Sqrrl is a threat hunting tool that for practical purposes initiated the threat hunting market if not the technique itself. Certainly, there can be little doubt that the company automated the threat hunting process. We have been using Sqrrl in one way or another over the course of the past year in a production environment. In the coming year we anticipate deploying it in our deception network for use supporting the Threat Hunter Blog (which will resurface after the first of 2018) after we update our threat intelligence research environment.
Recently we had the opportunity to deploy Sqrrl in an actual production threat hunt where it was doubtful that an intrusion, in fact, had occurred. Although the testing is still going on, currently we have seen no indicators of an actual breach. That is one of the strengths of Sqrrl: extremely low false positive rate. If it says that there is nothing there, then that likely is the case.
However, Sqrrl is dependent upon extensive logging in the enterprise.

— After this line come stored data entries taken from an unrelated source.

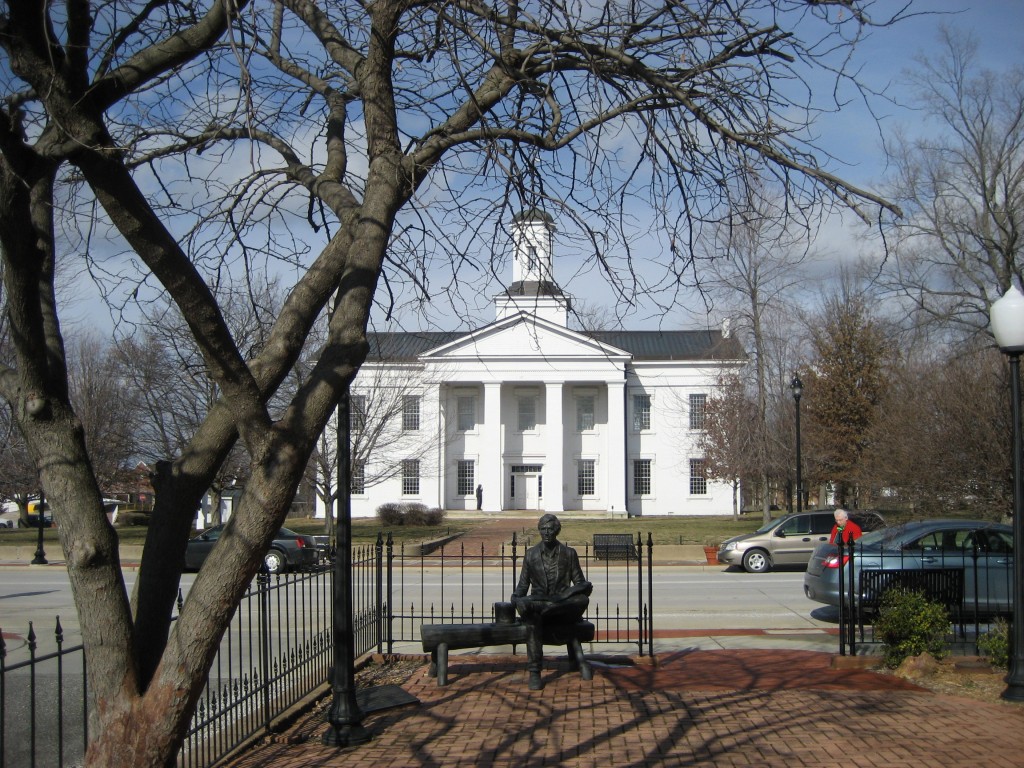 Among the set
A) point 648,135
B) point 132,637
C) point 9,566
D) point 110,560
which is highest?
point 648,135

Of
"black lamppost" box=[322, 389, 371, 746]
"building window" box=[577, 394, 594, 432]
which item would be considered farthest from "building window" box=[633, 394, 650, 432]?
"black lamppost" box=[322, 389, 371, 746]

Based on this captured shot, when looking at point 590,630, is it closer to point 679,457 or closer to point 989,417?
point 989,417

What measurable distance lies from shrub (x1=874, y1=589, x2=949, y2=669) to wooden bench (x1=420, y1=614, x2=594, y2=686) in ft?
9.93

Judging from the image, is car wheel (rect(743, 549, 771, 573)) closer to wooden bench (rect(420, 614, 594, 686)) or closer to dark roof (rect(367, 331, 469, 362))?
dark roof (rect(367, 331, 469, 362))

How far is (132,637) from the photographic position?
3994mm

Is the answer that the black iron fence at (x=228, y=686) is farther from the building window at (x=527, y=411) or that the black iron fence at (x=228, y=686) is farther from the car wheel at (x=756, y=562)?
the building window at (x=527, y=411)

While that is not much of a problem post-deployment (because you will set up your logging to ensure that you get the most out of Sqrrl as part of the deployment), retrospective – pre-deployment – looks may suffer for lack of initial logging. If we were to characterize Sqrrl in the simplest of terms we would call it the most powerful, intelligent link analyzer we've seen.

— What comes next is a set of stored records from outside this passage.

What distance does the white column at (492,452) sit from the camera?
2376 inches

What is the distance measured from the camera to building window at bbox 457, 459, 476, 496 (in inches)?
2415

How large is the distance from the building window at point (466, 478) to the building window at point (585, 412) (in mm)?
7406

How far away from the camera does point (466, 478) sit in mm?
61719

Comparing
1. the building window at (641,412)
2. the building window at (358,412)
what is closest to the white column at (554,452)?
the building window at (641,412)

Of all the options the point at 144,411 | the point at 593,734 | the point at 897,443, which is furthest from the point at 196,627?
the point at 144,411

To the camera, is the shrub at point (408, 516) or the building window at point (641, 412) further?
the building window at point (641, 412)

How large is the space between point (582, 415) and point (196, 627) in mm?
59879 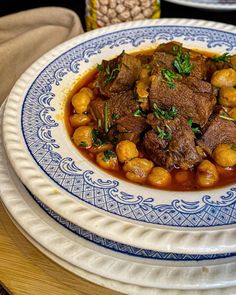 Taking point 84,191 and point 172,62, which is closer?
point 84,191

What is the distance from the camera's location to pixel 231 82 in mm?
2543

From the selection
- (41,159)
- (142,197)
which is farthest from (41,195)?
(142,197)

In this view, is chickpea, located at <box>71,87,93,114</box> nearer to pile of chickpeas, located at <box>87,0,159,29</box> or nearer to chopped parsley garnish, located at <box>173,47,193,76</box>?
chopped parsley garnish, located at <box>173,47,193,76</box>

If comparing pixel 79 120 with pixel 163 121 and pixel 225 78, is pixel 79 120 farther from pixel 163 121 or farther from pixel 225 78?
pixel 225 78

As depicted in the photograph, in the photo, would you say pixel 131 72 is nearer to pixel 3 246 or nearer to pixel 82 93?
pixel 82 93

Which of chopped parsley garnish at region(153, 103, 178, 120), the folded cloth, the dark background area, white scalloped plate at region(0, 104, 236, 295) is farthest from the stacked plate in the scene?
the dark background area

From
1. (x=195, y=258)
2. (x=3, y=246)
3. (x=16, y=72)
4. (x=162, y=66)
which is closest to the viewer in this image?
(x=195, y=258)

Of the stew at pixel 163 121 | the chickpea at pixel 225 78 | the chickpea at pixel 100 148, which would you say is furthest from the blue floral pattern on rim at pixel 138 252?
the chickpea at pixel 225 78

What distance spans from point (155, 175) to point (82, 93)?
2.25 feet

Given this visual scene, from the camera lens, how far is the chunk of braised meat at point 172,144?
7.57ft

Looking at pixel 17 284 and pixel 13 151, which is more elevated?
pixel 13 151

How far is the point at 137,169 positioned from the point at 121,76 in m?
0.54

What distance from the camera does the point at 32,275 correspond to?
2121 millimetres

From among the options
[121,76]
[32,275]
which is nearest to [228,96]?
[121,76] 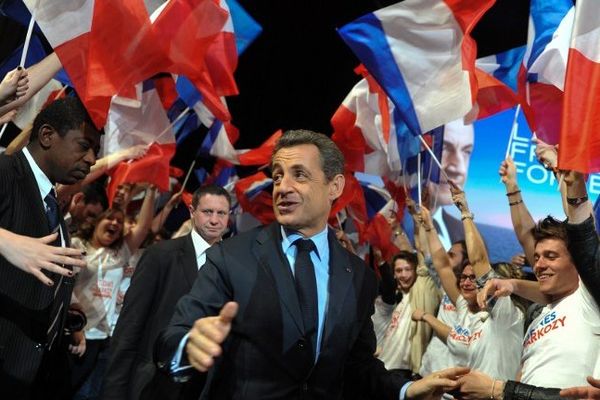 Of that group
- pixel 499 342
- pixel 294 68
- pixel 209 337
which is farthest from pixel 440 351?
pixel 294 68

Sqrrl's job is to consume all types of log data and draw conclusions about threats present in the enterprise. There is just about no log type the product cannot consume and, as a result, a massive amount of detail is available about the relationships of devices, users, processes, network transactions, etc.. To accomplish this, the tool uses advanced machine learning, sophisticated algorithms, big data processing using Apache Accumulo and Hadoop, and graph theory to develop behavior graphs.
The first step in running an initial Sqrrl hunt is to teach Sqrrl the kinds of logs on your enterprise. Once you have done that the tool creates – with a little help from Sqrrl engineers and data scientists – the set of models for your environment. While the product comes with its own model, you – or Sqrrl – can create additional ones. However, the formats of the logs in your enterprise need to be taught to Sqrrl's standard model to prepare it for understanding a baseline of your network. Going forward, as it hunts with you, the model evolves and becomes more familiar with your environment. This log format ingestion process took a couple of days of working with the Sqrrl team.
Using Sqrrl is intuitive and with practice you can become quite proficient at looking for obscure indicators. Even so, Sqrrl provides a bit of “as you go” training which in our case took about an hour. From that point on, analysts who never had seen the product were up and hunting. We like Sqrrl for its advanced hunting skills, ease of use, easy deployment in a virtualized environment, and excellent support from the Sqrrl team.
Product: Sqrrl Enterprise
Price: Starting at $25,000
What it does: The cyber threat hunting tool.